El árbol de oro es la historia de un chico que tiene acceso a un lugar al que lo demás no tienen y donde ve algo que otros no pueden ver. El sitio es significativo: allí se guardan los libros de lectura de una clase. Ivo es -autorizado por la maestra- es custodio de las letras. Y desde el allí, desde una ranura de la terracita donde se guardan los libros, puede ver un árbol de oro. El narrador, una compañera de Ivo, admite que hay otros chicos que poseen mayores méritos académicos que ameritarían tal deber. Pero Ivo ejerce una atracción sobre sus compañeros -y al parecer no sólo sobre ellos- fundada no en la inteligencia ni la gracia, sino en una característica difusa que su compañero admite no puede precisar.
Aquí hay un símil entre lo que Ivo ve, que posee también algunas propiedades difusas, se va renovando; y los que sus compañeros -y la maestra- ven en el. Ivo desaparece y, tras algún tiempo, su compañera encuentra el árbol de oro, antes inexistente, ahora de pie y a dedicado a Ivo. Tal vez la compañera encontró aquello que diferenciaba a Ivo, aquello que despertaba su atención y la de los demás.
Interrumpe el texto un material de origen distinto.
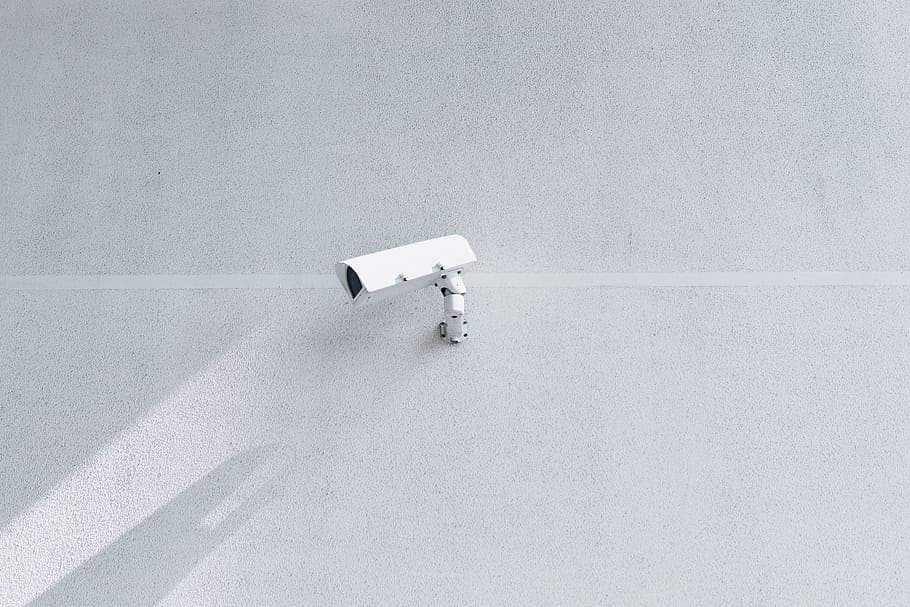 white box security camera on wall, white bullet camera, leaning HD wallpaper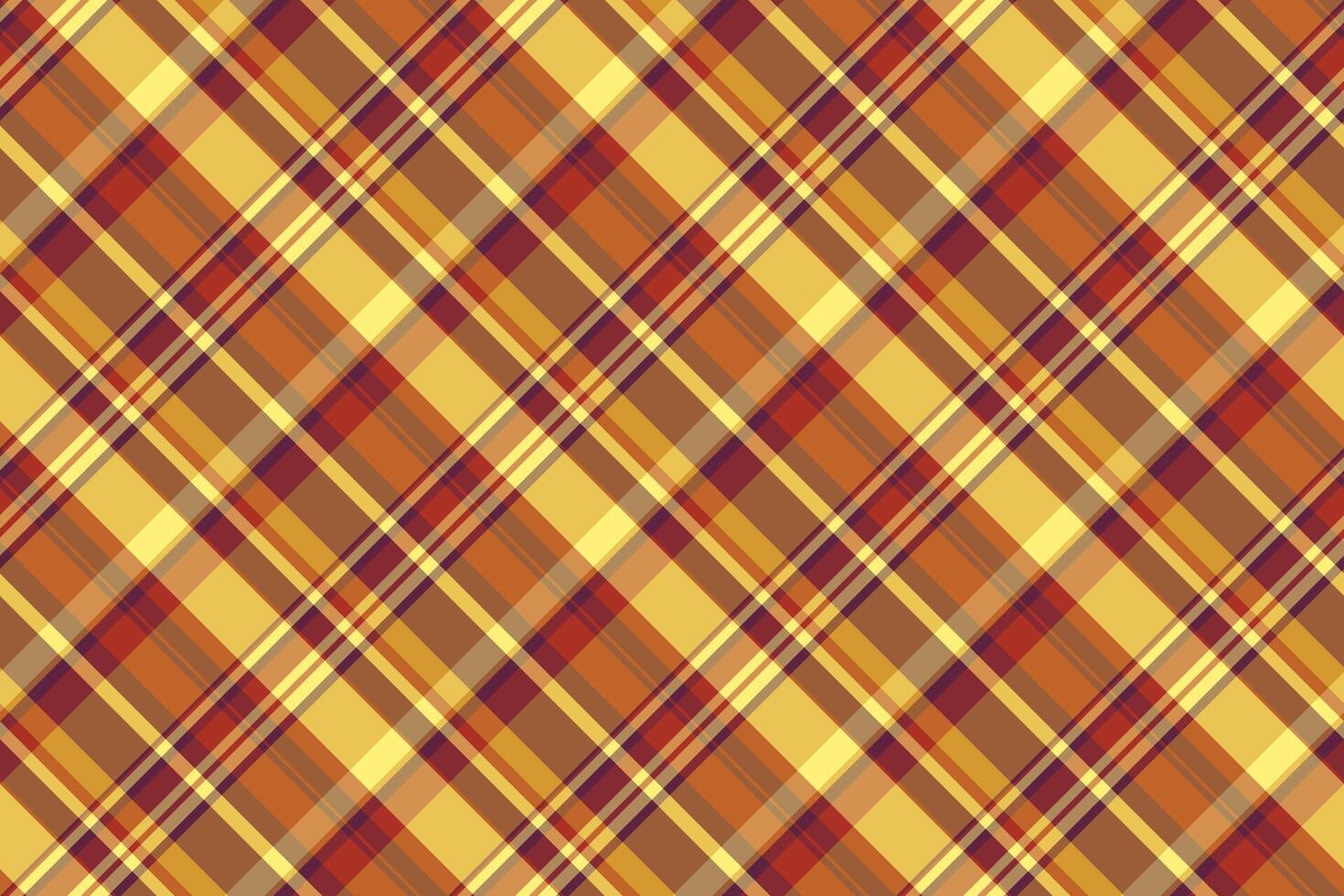 Conceptual tartan seamless textile, intricate plaid background pattern. Hispanic fabric check texture in orange and red colors. vector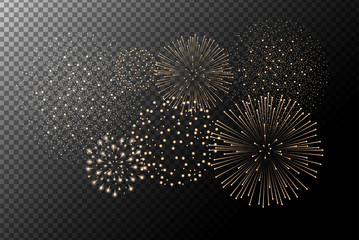 Fireworks isolated on transparent background. Independence day concept. Festive and holidays background. Vector illustration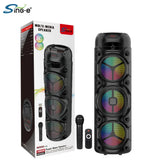 Boxă Portabilă Bluetooth Sing-e ZQS8308 400W PMPO, Acumulator 6000mAh, Microfon Wireless Inclus, RGB LED, TWS, FM Radio, USB, TF Card, Telecomandă, Karaoke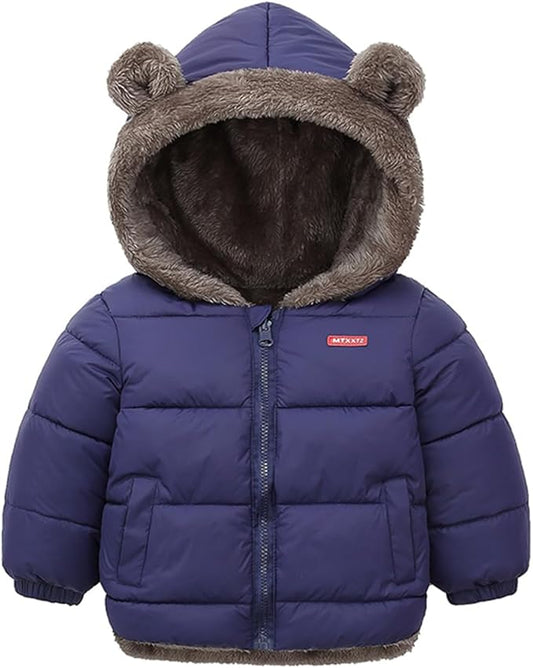 Infant Baby Winter Coat Bear Hooded Jacket Warm Fleece Snowsuit Windproof Outerwear for Toddler Boy Girl 9M-4T-CubbioJoy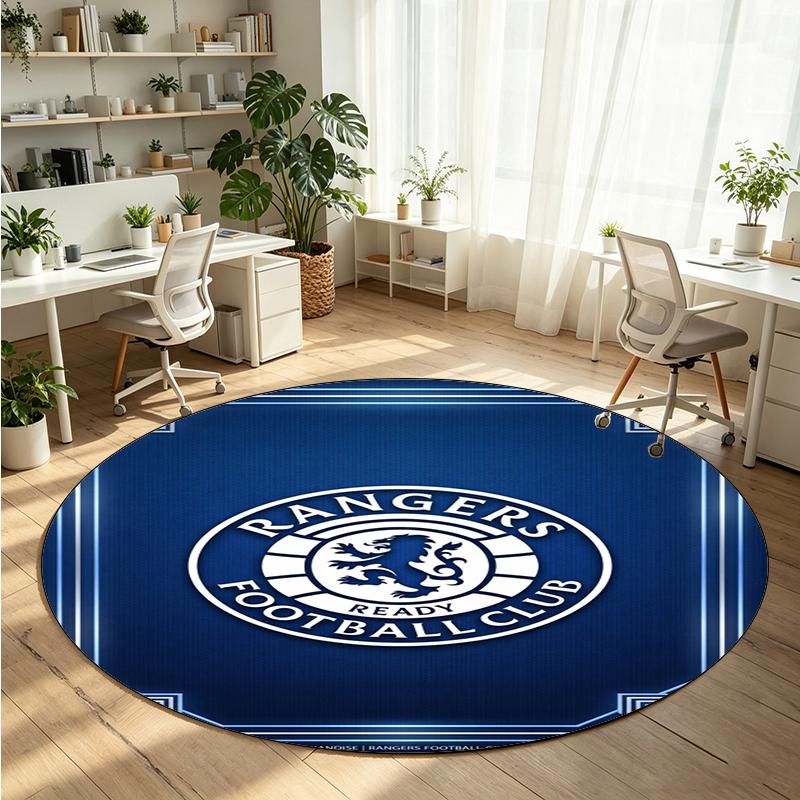 Rangers FC Printed Round Crystal Velvet Rug Soft Non Slip Floor Carpet For Bedroom Holiday Gift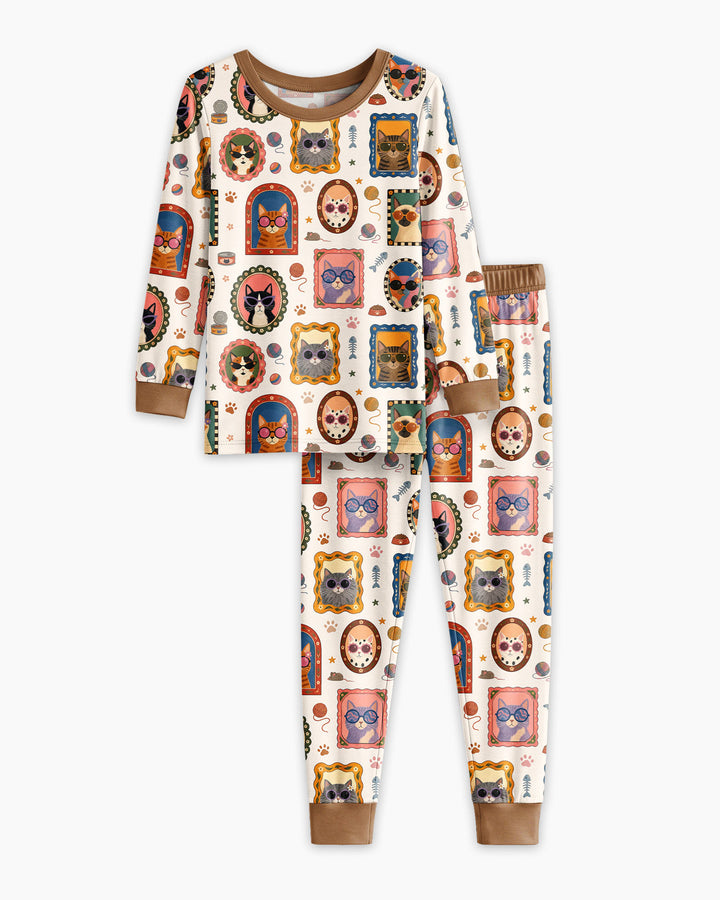 Vintage Cat Portraits Bamboo Two Piece Long Sleeve Pajama Set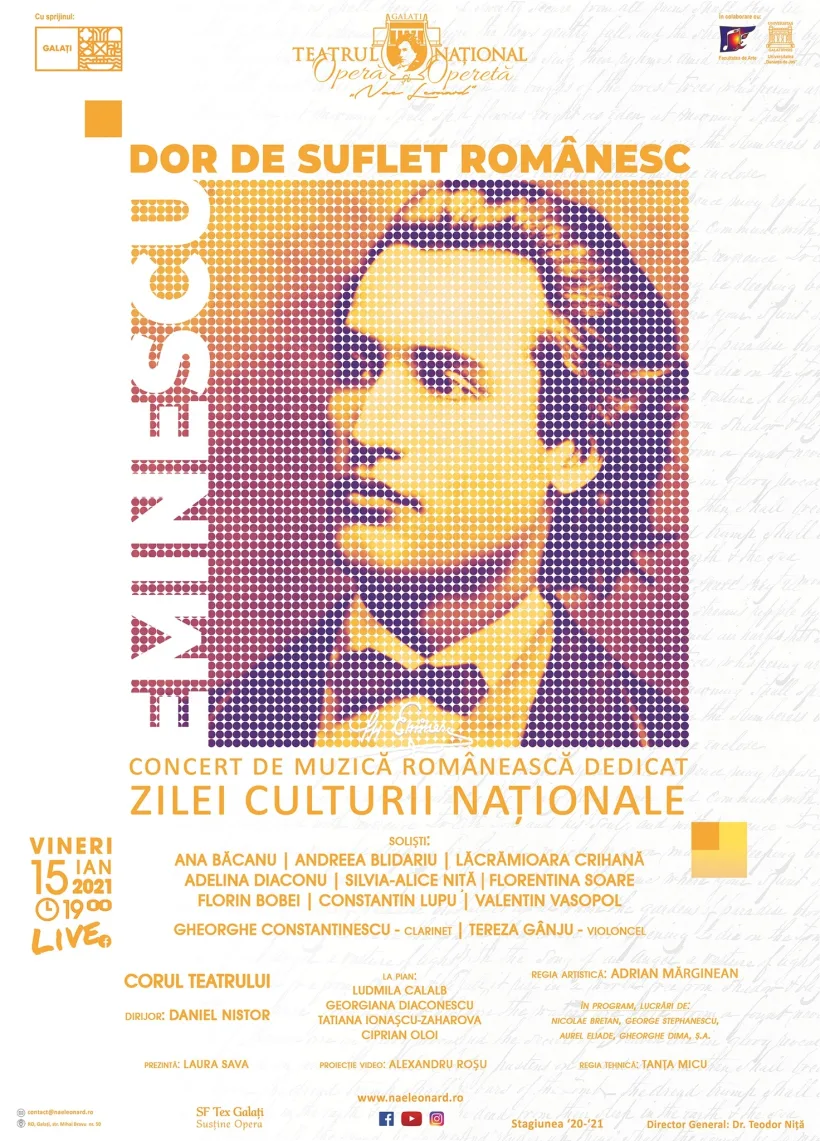 „Dor de suflet românesc” și ”... de Eminescu”, de Ziua Culturii Naționale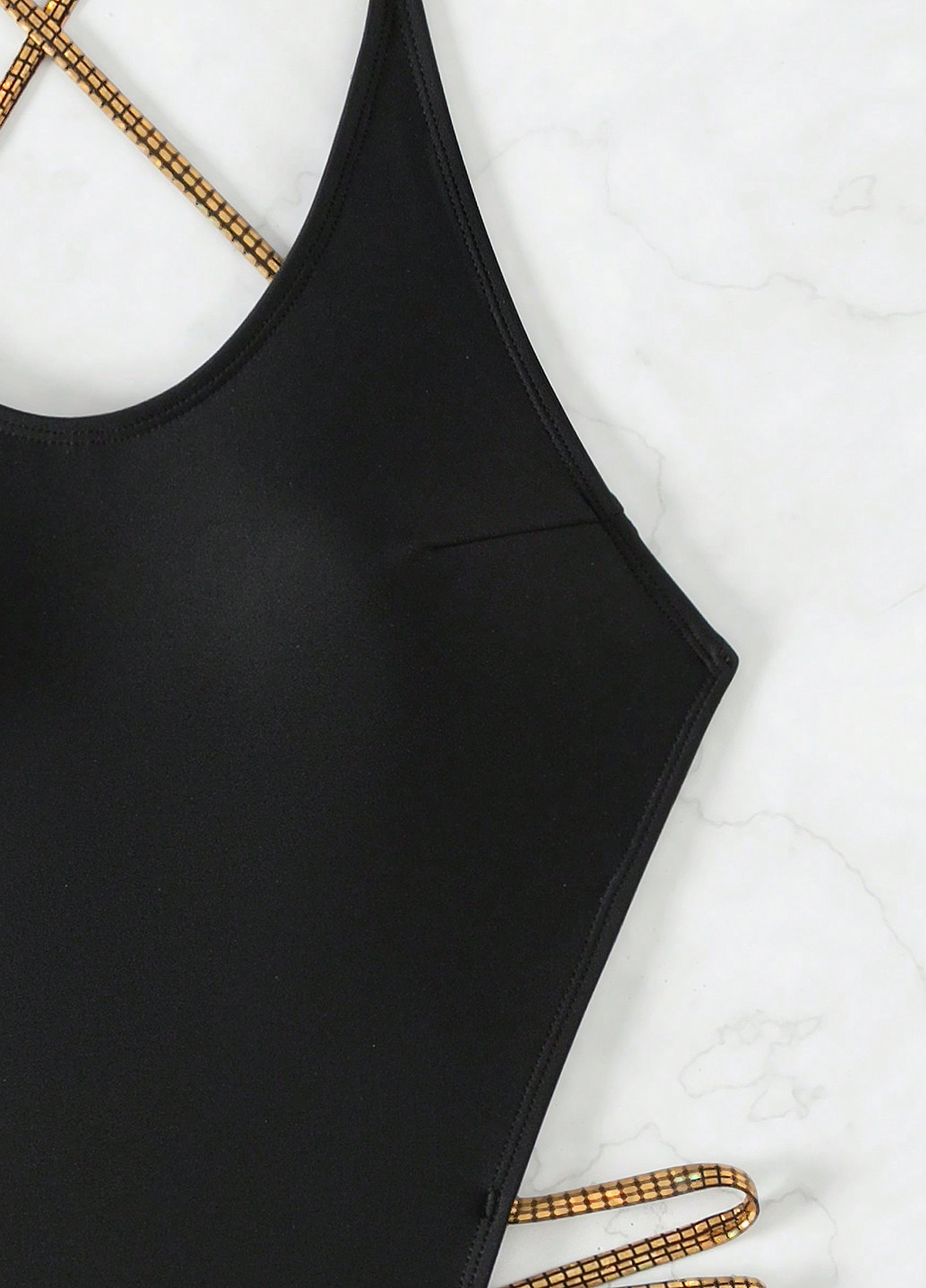 Черный летний купальник слитный SHEIN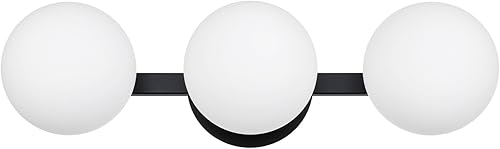 Miniatura 11 de Lámparas de tocador de baño, modernas 2 luces de globo para pared, color negro mate, lámpara de montaje en pared de porche para baño, espejos, Mate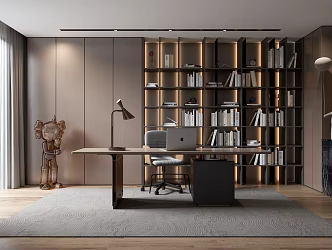 Modern Italian Study Desk Bookcase 3d model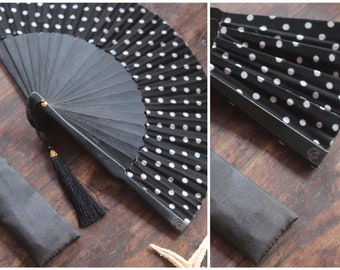 Ibiza Style Party Polka Dot black Foldable Hand Fan Handmade in Bali with a pouch and Tassels/ Christmas Gift for Her / Fair & Sustainable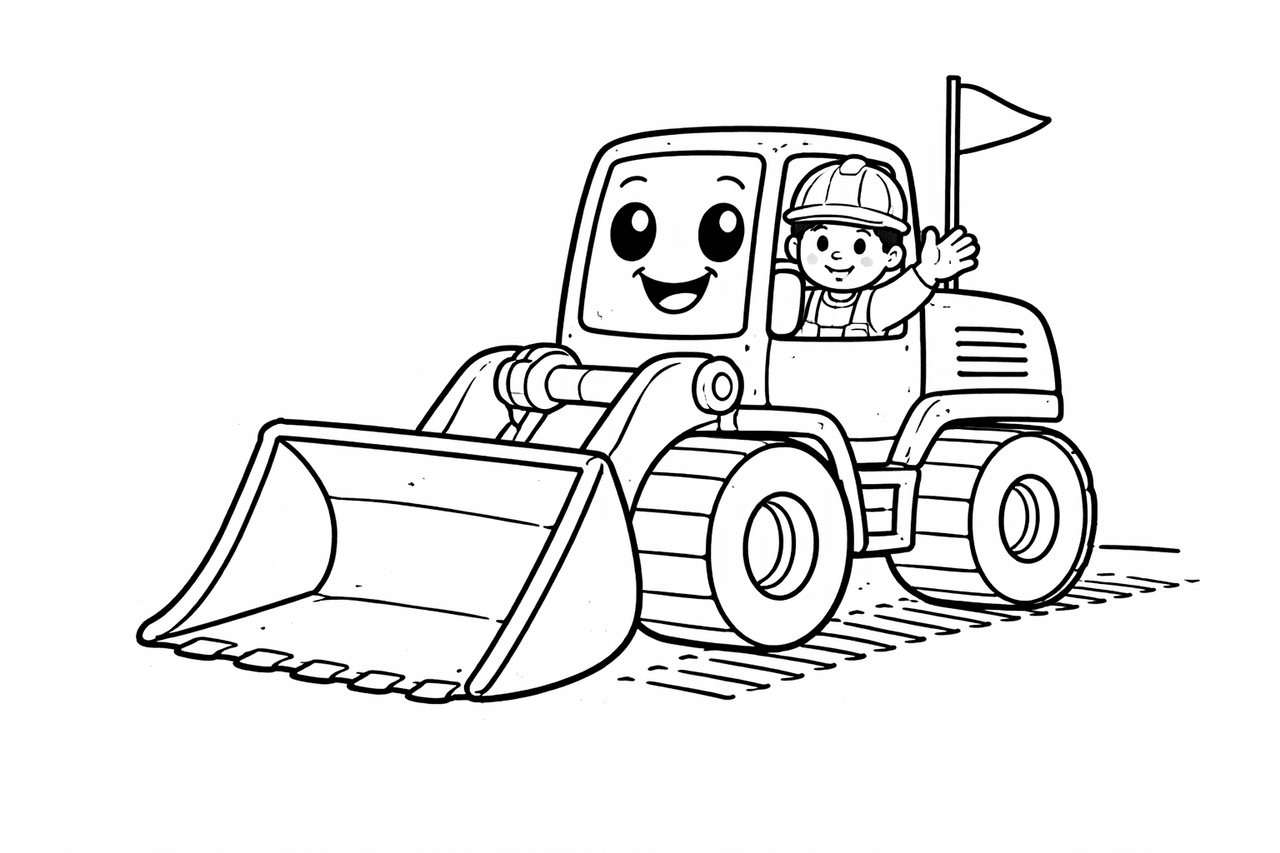 Fröhlicher Bagger mit kleinem Bauarbeiter - Ausmalbild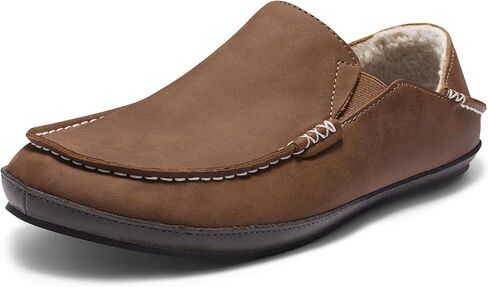 Men’s Premium Everyday Moccasin Slippers Crafted Leather Upper Plush Shearling-Style Lining Removable PU Arch Support Insole with Deep Heel Cup Non-Slip Non-Marking Rubber Sole Fold-Down Heel Indoor Outdoor in Saudi Arabia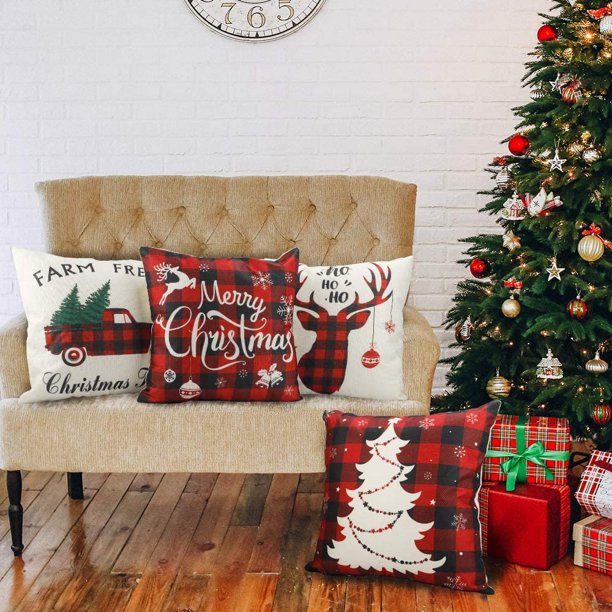 Christmas tree throw pillow cover with red and white stripes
Me gustaría trazar un último paralelismo, y es con otra obra de Matute: El polizón de “Ulises”. En ambos textos se hace uso del lugar en que un niño hace uso de su imaginación. En el caso del Polizón, Matute utiliza un desván de una casa; ahora un altillo en una escuela rural. Ambos son símbolos de la inocencia perdida. Y en ambos existe un espejo -en el Polizón un prófugo al que Jujú debe prestar ayuda, y en este caso unos chicos que dudan de la existencia de un objeto- que devuelve al niño la imagen de una persona que ya no es tal. Ivo desaparece tras ser cuestionado por la narradora, Jujú se hace hombre tras un desengaño: la imagen del espejo nunca es inocente. La narradora, al volver al pueblo y descubrir el árbol, no vio su imagen en el espejo, vio a a Ivo, como no la había visto antes.